- _Exercise_
The data below should be transcribed in full, with no picture included.

- _Extracted records_
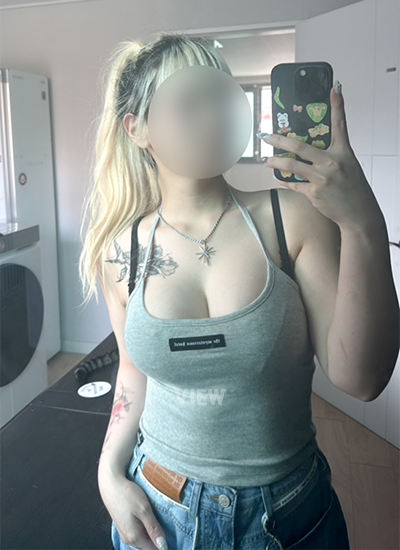 Review at View Plastic Surgery, Plastic Surgery in Korea, View Clinic, Korea Clinic 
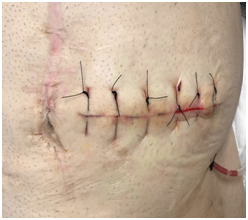 Subcutaneous drains reduce the surgical site infection after primary wound  closure in stoma reversal patients - MedCrave online
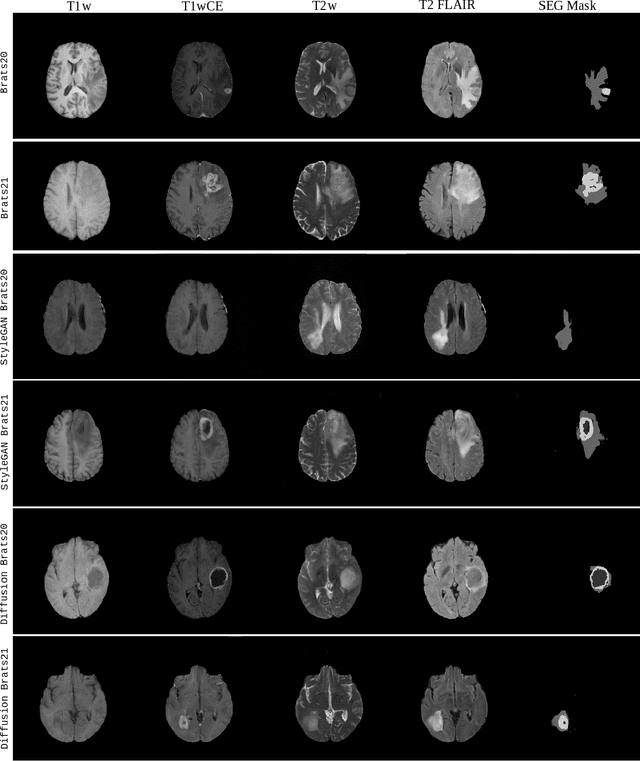 Figure 2 for Beware of diffusion models for synthesizing medical images -- A comparison with GANs in terms of memorizing brain tumor images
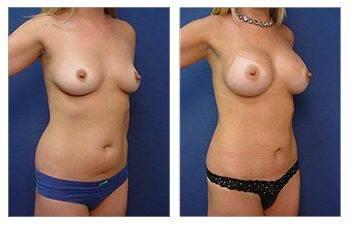 Fat Transfer Prices
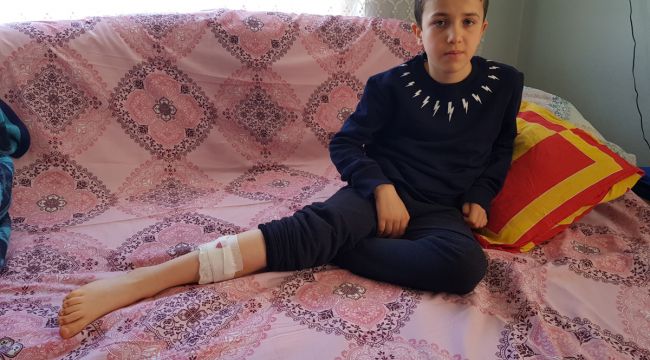 Sokak köpekleri bir çocuğa daha saldırdı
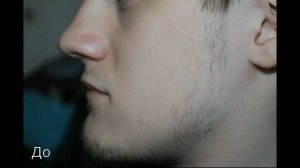 Миноксидил | 1.5 месяца применения | Результат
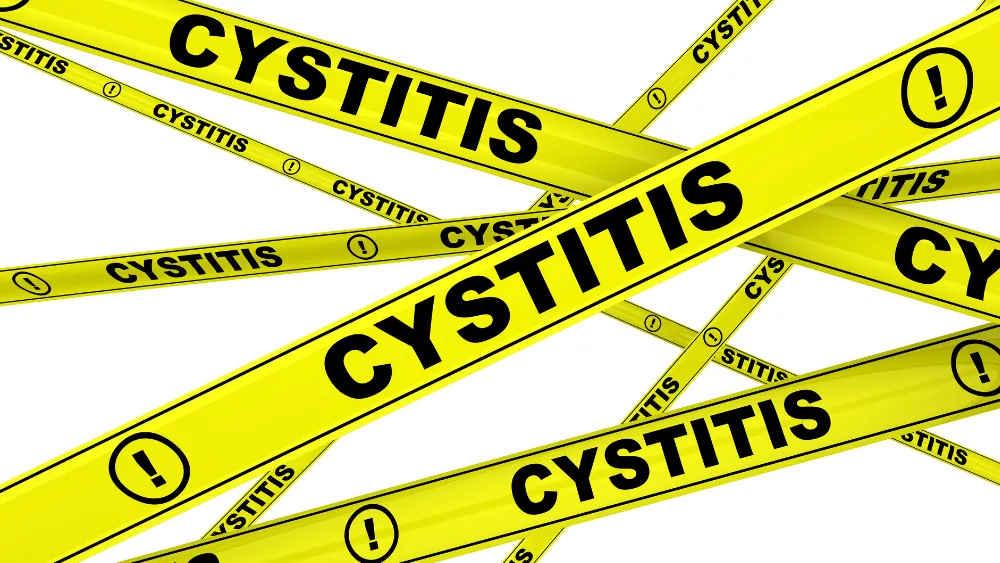 cistitis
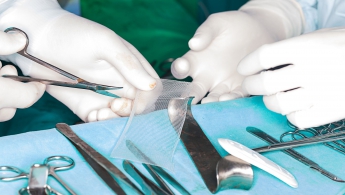 运用Parx技术的疝气网可减少腹壁修复手术中的感染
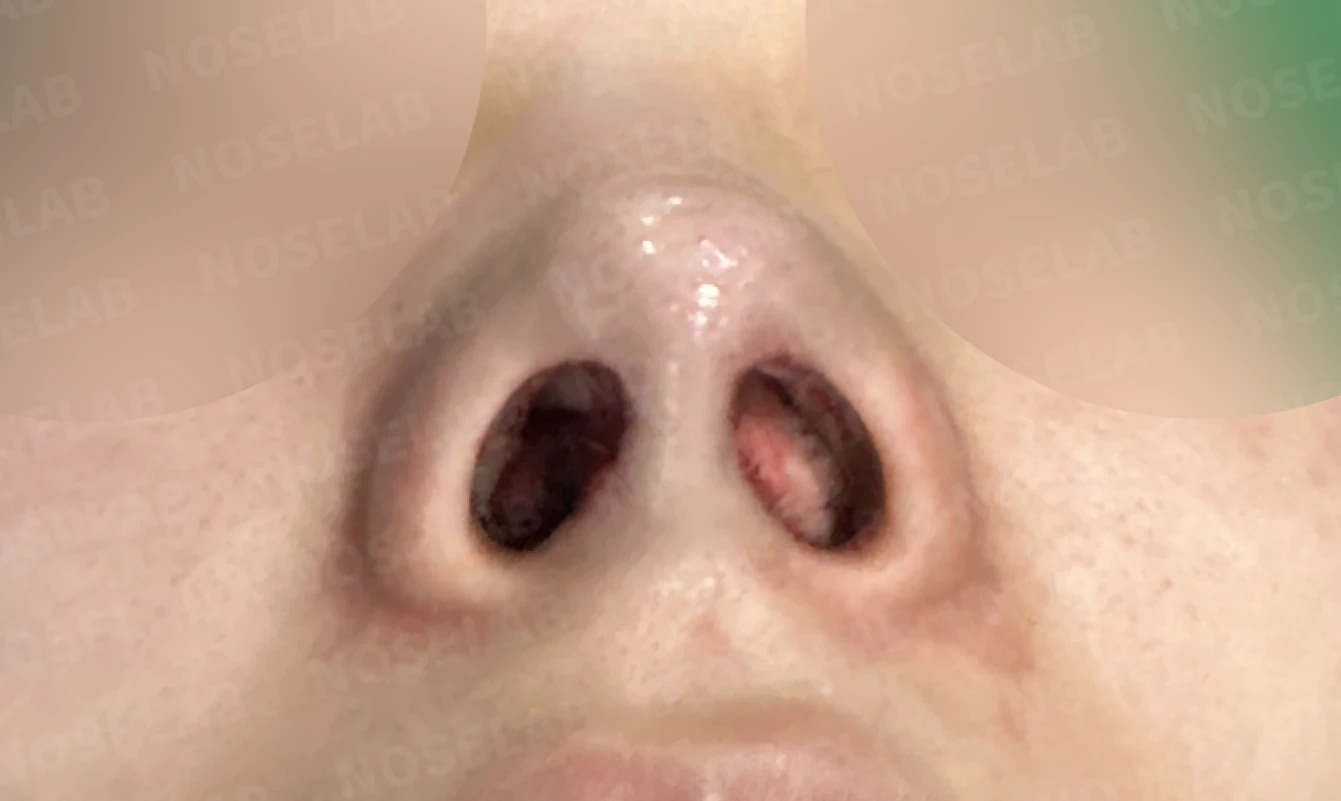 길고 처진 코, 휜코 교정과 코막힘까지 한 번에 해결한 재수술 사례 — 전(좌) 직후(후)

- _Result for this task_
 Review at View Plastic Surgery, Plastic Surgery in Korea, View Clinic, Korea Clinic 
 Subcutaneous drains reduce the surgical site infection after primary wound  closure in stoma reversal patients - MedCrave online
 Figure 2 for Beware of diffusion models for synthesizing medical images -- A comparison with GANs in terms of memorizing brain tumor images
 Fat Transfer Prices
 Sokak köpekleri bir çocuğa daha saldırdı
 Миноксидил | 1.5 месяца применения | Результат
 cistitis
 运用Parx技术的疝气网可减少腹壁修复手术中的感染
 길고 처진 코, 휜코 교정과 코막힘까지 한 번에 해결한 재수술 사례 — 전(좌) 직후(후)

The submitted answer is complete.